YOUR ASSIGNMENT -> Output nothing but the lines from the one holding "Handmade Men Shaded" to the end of the listing. Reproduce them exactly, without the pictures.

DATA BLOCK ->
******************************
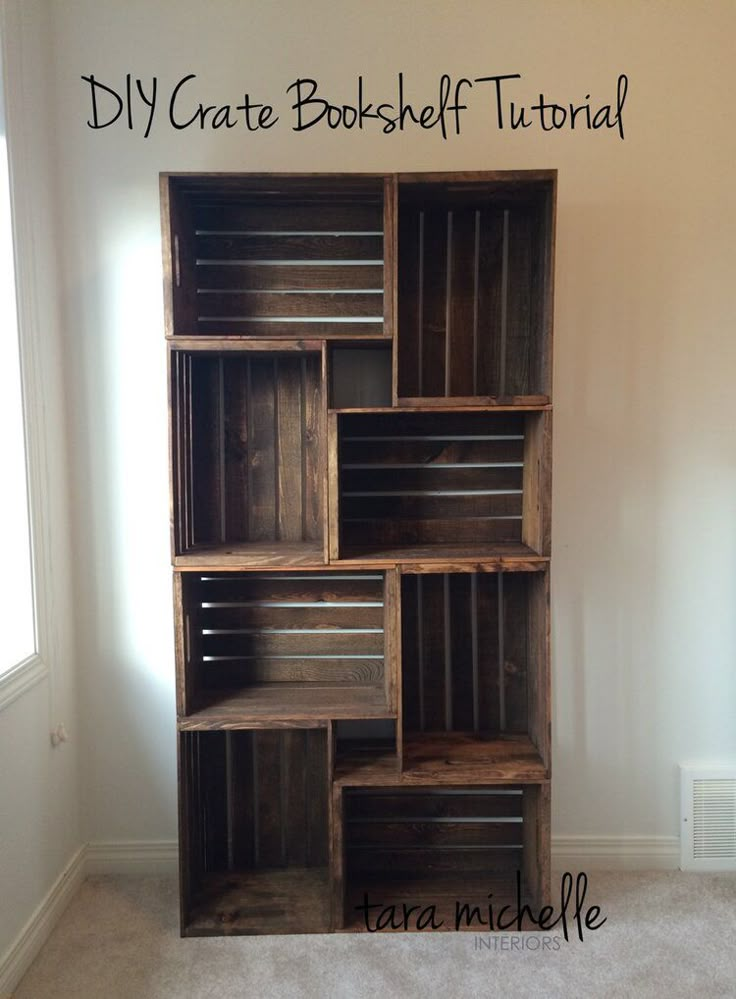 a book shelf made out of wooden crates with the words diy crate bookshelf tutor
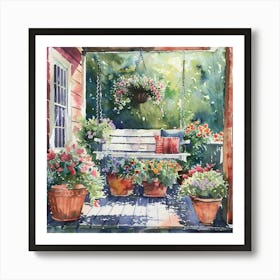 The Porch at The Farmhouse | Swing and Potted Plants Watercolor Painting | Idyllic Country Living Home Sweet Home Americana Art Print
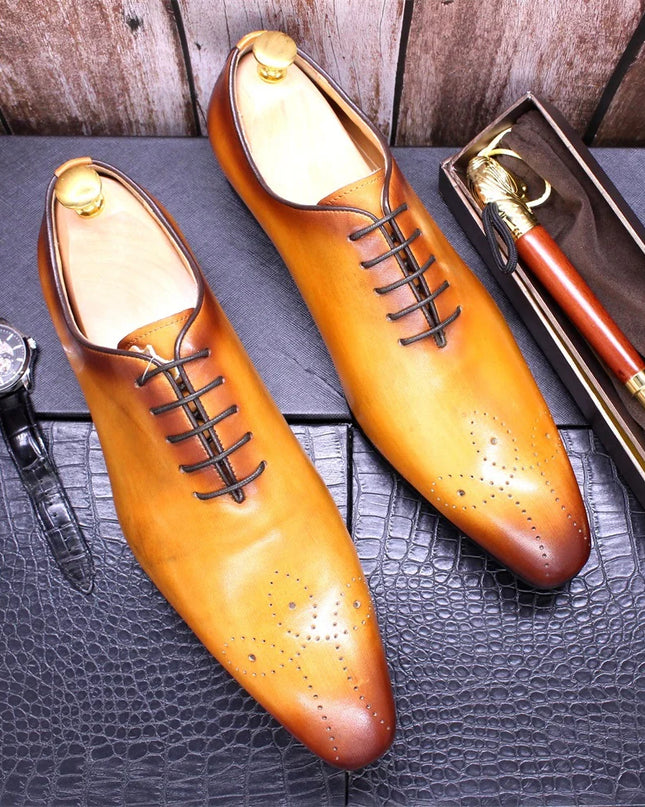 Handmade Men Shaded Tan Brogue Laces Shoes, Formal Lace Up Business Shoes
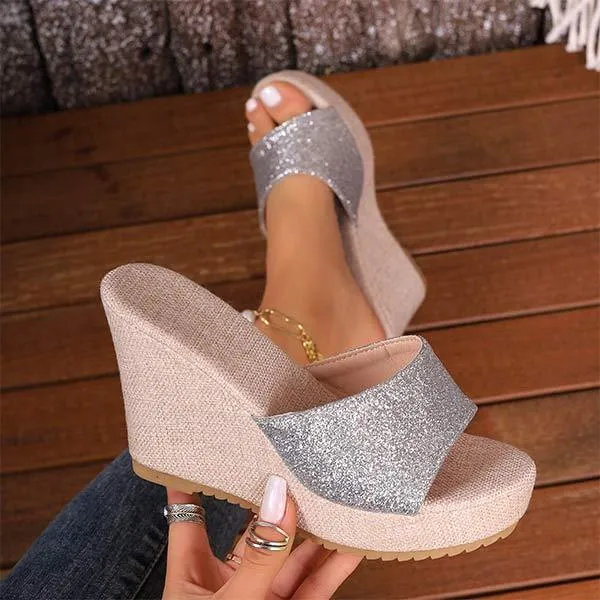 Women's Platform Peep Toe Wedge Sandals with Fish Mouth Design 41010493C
******************************
TASK SOLUTION ->
 Handmade Men Shaded Tan Brogue Laces Shoes, Formal Lace Up Business Shoes
 Women's Platform Peep Toe Wedge Sandals with Fish Mouth Design 41010493C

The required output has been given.